▶ [What you are asked to do]
Given these entries, repeat exactly the lines starting with the one that has "3010 Capitol Dr, Charlotte, NC" and going on through the one that has "Hotel Praga Gjirokaster Bagian luar foto", both included, but none of the pictures.
────────────────────────────────────────
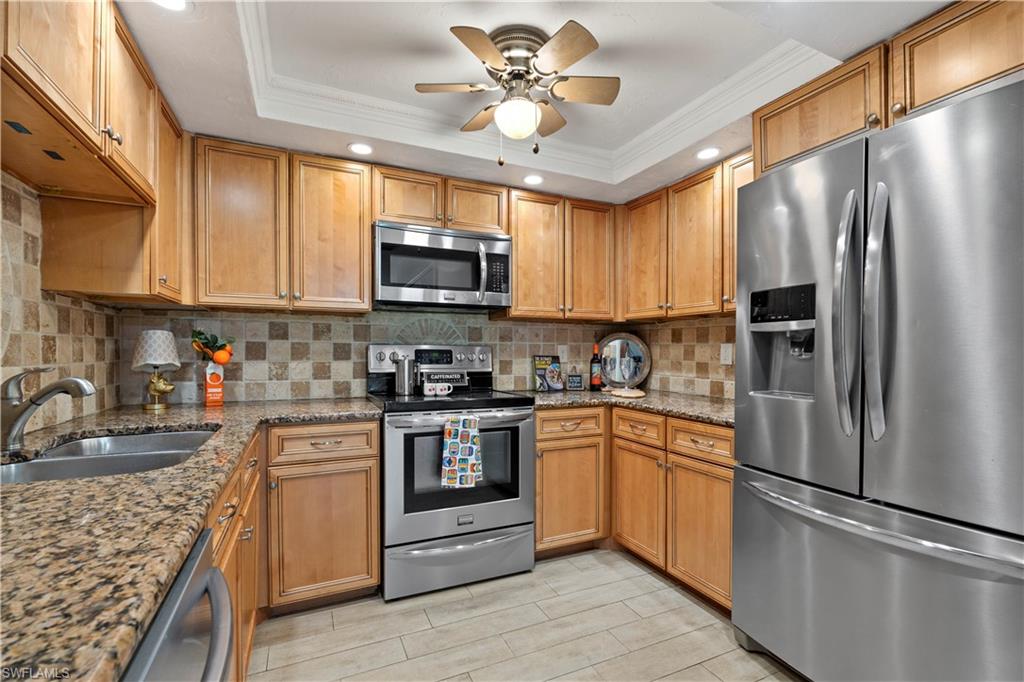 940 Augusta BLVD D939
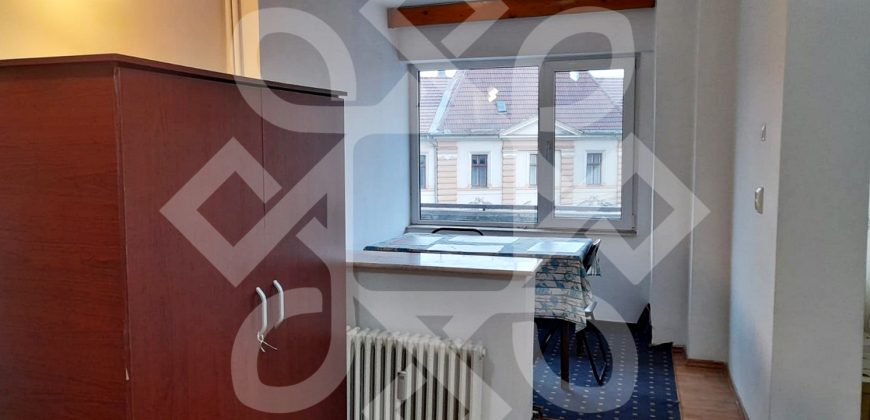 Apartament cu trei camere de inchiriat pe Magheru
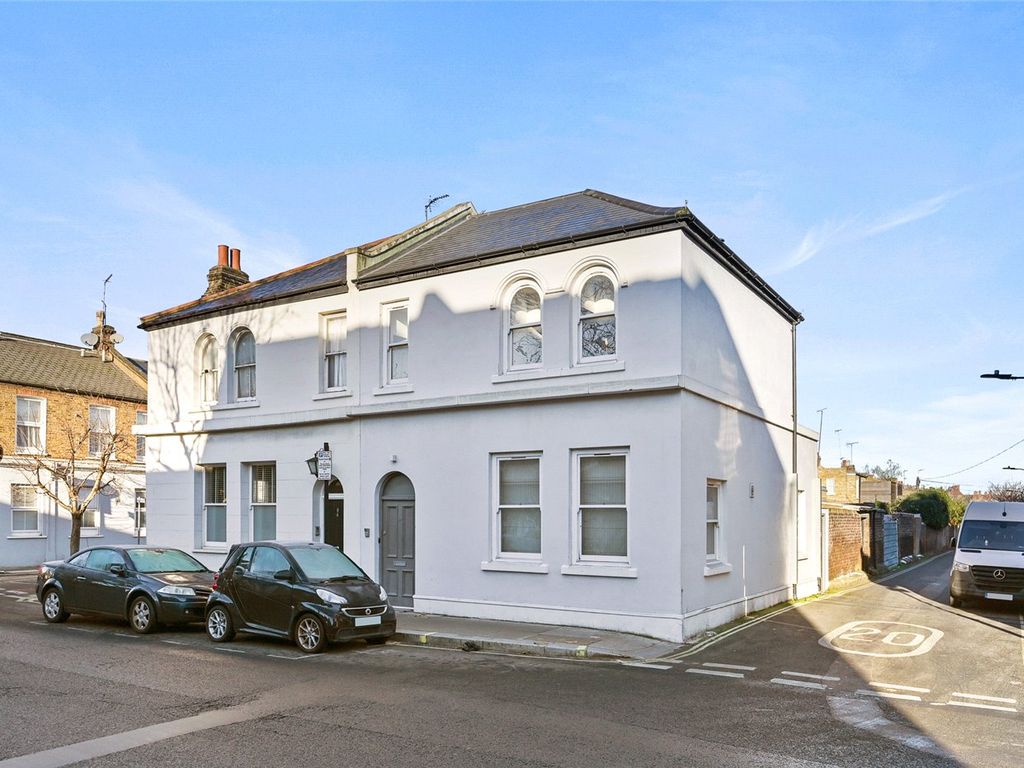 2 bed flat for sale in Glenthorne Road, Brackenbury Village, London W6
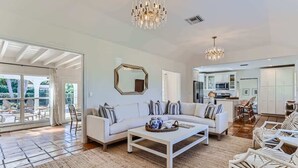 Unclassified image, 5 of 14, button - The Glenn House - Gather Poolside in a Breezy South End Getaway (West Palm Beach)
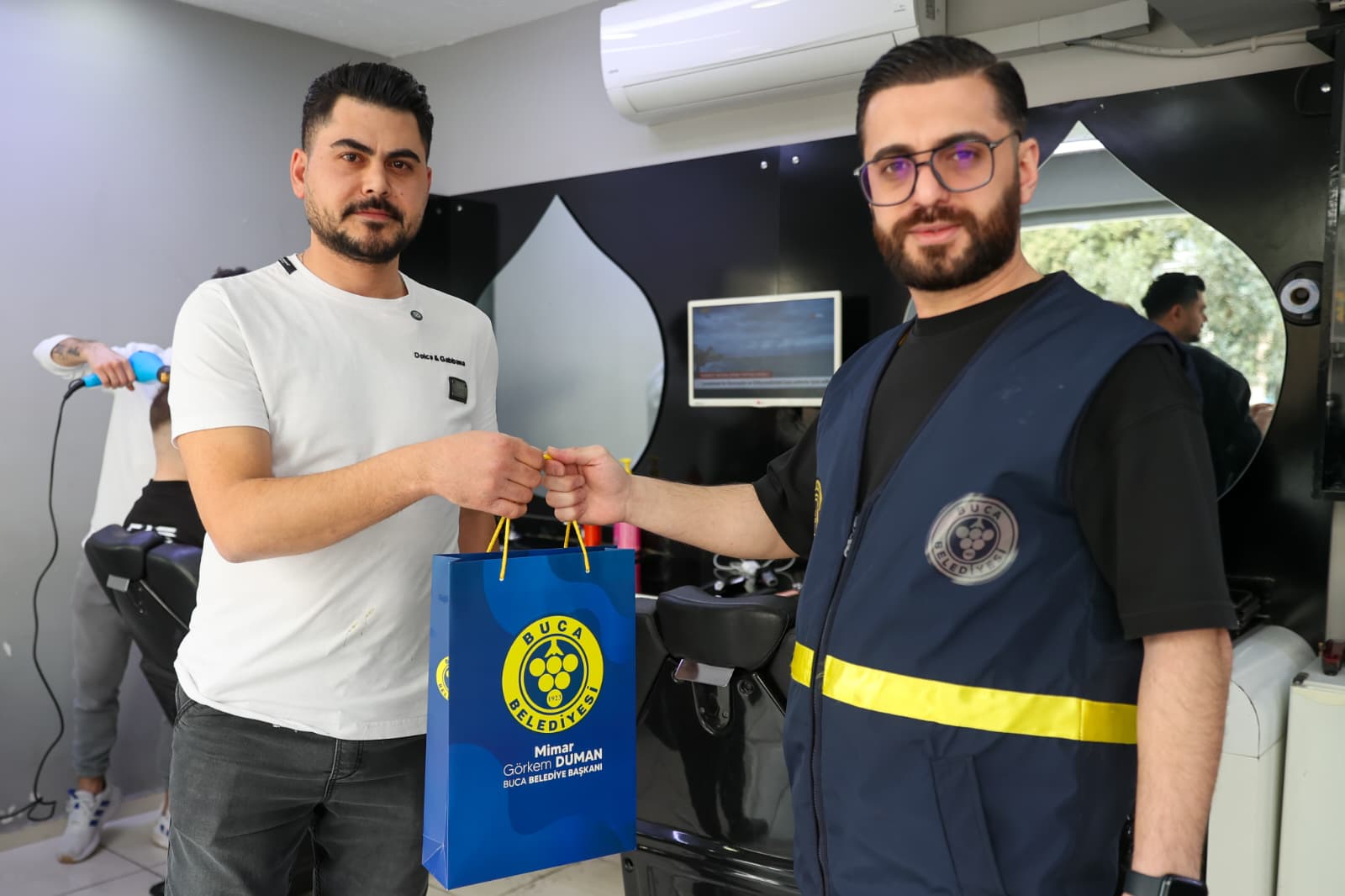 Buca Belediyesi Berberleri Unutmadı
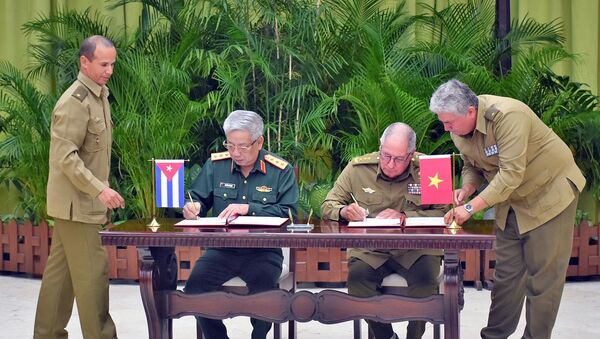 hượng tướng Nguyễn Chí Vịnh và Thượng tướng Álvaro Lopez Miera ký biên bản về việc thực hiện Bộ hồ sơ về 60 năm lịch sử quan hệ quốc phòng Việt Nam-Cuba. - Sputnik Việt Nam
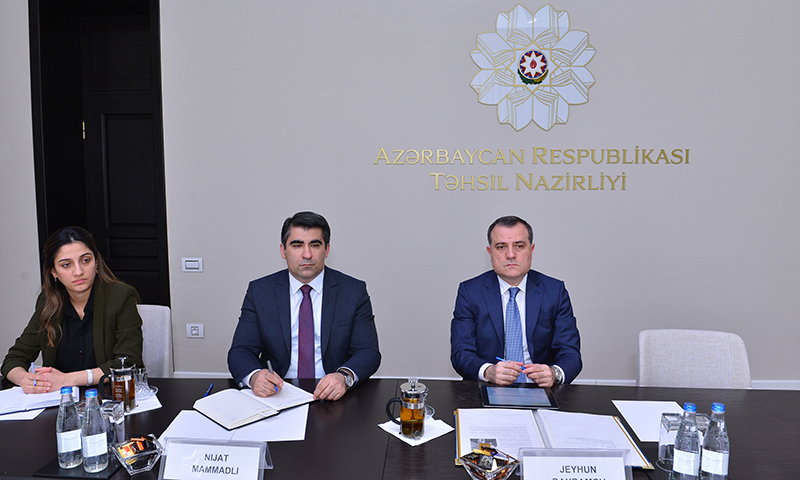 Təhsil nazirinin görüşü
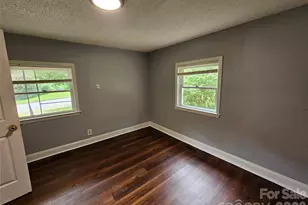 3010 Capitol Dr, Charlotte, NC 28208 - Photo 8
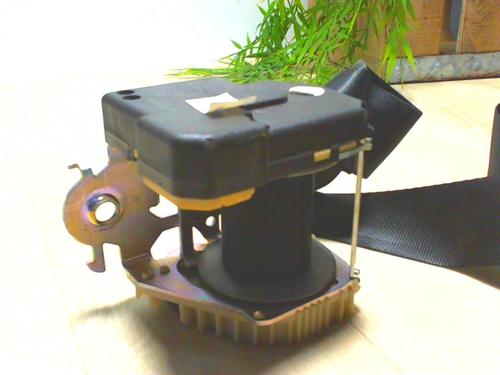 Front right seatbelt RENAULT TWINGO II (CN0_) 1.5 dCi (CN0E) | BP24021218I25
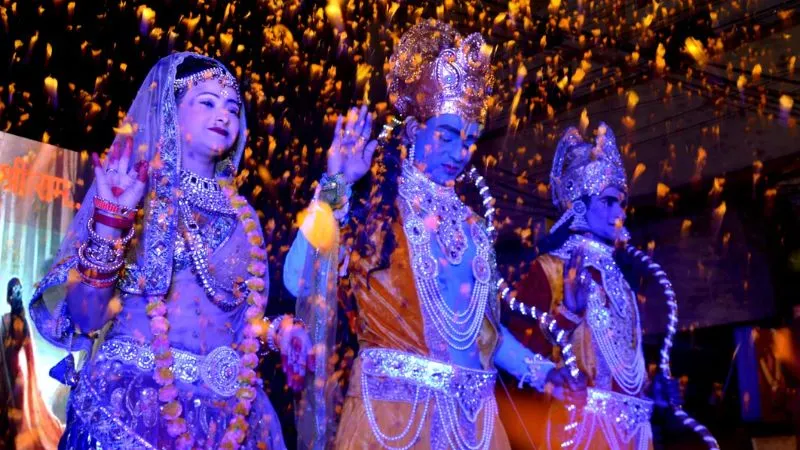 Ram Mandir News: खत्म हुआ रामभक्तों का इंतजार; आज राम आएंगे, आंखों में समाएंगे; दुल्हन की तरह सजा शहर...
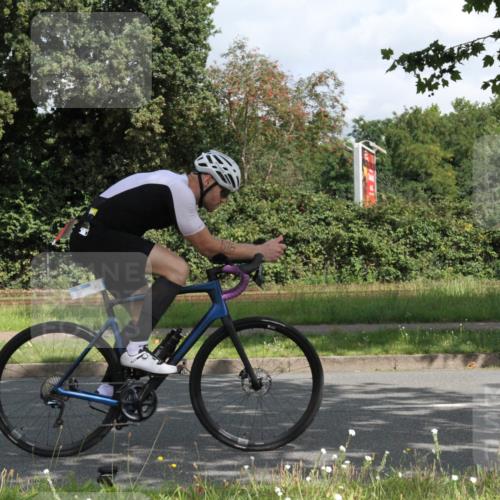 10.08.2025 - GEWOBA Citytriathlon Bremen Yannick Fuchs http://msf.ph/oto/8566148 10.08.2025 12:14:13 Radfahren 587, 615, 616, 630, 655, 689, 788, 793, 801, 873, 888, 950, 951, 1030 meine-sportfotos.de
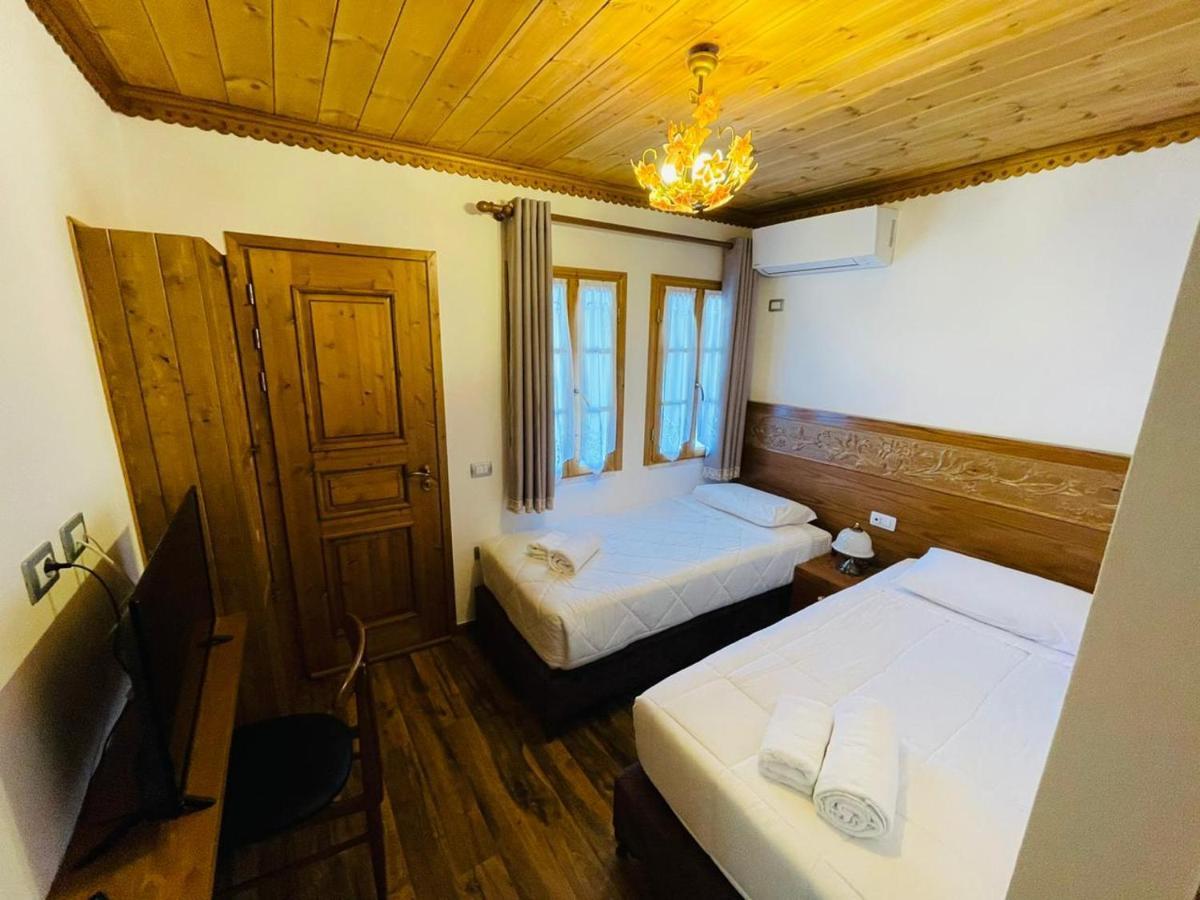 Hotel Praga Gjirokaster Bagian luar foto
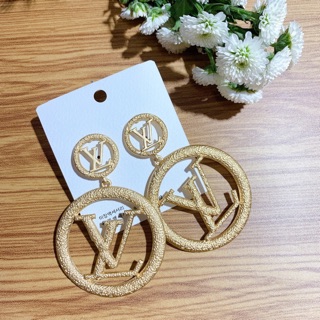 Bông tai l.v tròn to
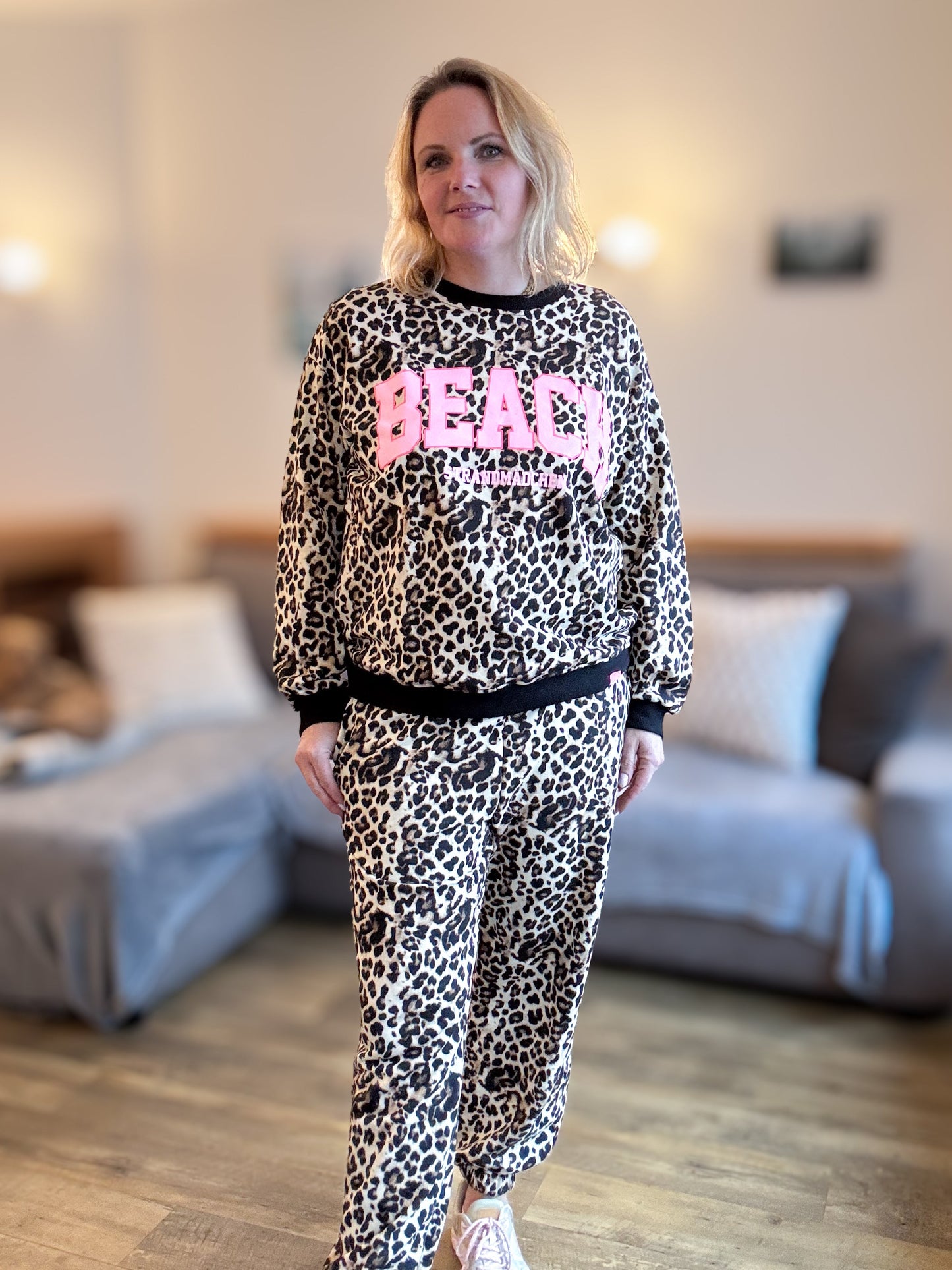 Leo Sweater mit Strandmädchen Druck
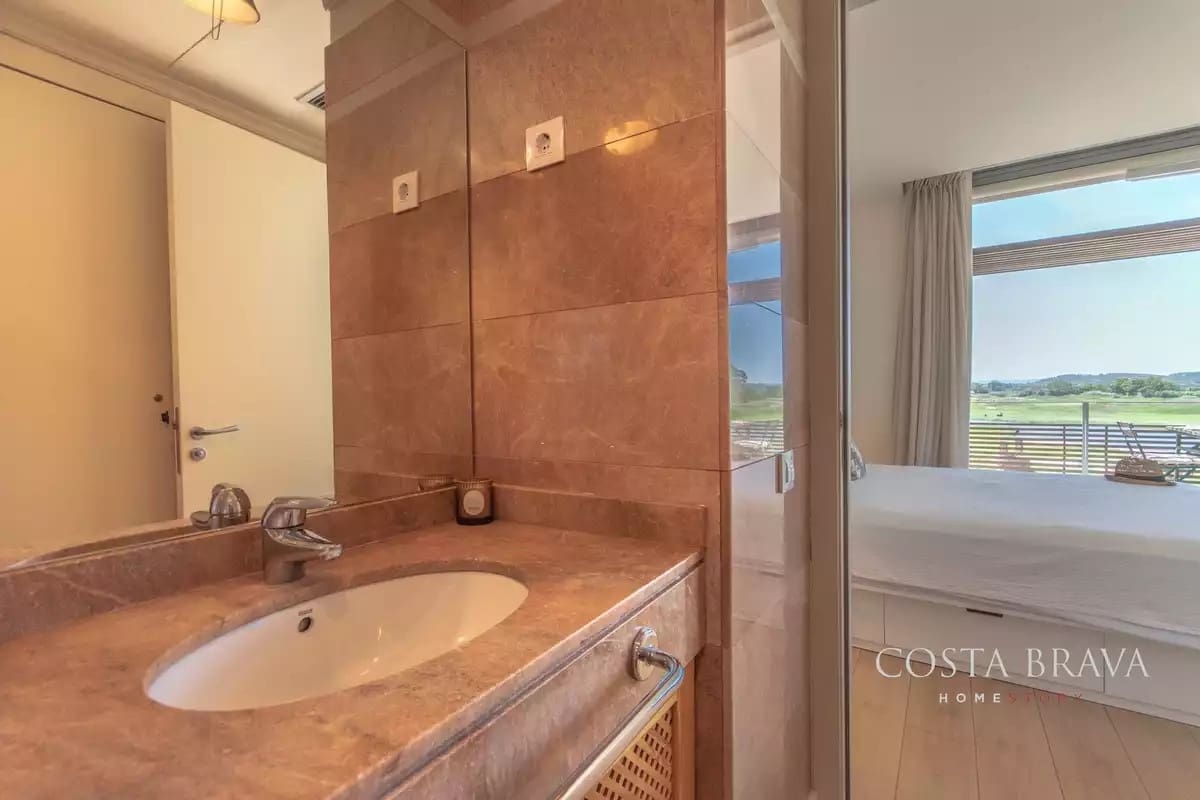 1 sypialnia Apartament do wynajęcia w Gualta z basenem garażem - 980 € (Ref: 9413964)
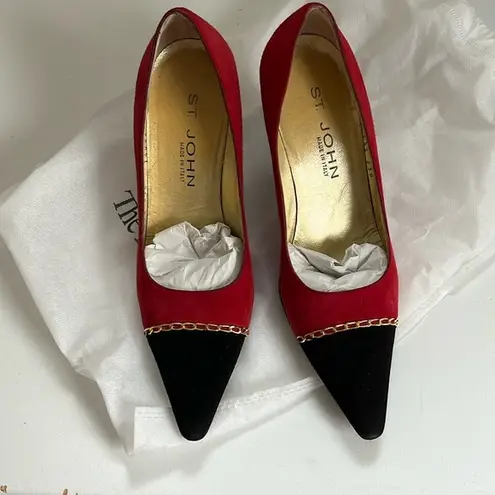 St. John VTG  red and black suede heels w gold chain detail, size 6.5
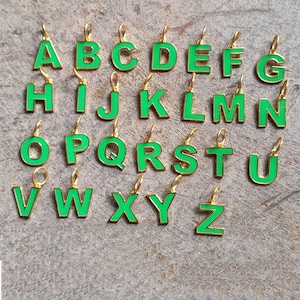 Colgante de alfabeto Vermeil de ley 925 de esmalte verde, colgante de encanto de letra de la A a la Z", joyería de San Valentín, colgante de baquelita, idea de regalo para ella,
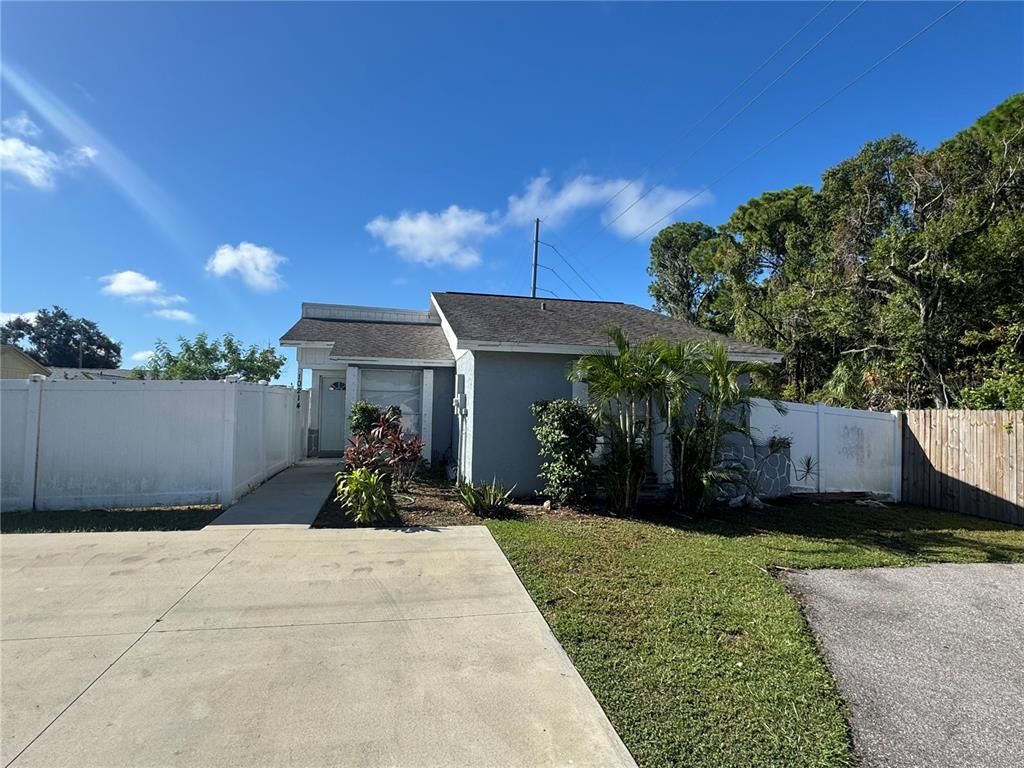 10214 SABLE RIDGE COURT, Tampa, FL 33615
────────────────────────────────────────
▶ [Result of the exercise]
 3010 Capitol Dr, Charlotte, NC 28208 - Photo 8
 Front right seatbelt RENAULT TWINGO II (CN0_) 1.5 dCi (CN0E) | BP24021218I25
 Ram Mandir News: खत्म हुआ रामभक्तों का इंतजार; आज राम आएंगे, आंखों में समाएंगे; दुल्हन की तरह सजा शहर...
 10.08.2025 - GEWOBA Citytriathlon Bremen Yannick Fuchs http://msf.ph/oto/8566148 10.08.2025 12:14:13 Radfahren 587, 615, 616, 630, 655, 689, 788, 793, 801, 873, 888, 950, 951, 1030 meine-sportfotos.de
 Hotel Praga Gjirokaster Bagian luar foto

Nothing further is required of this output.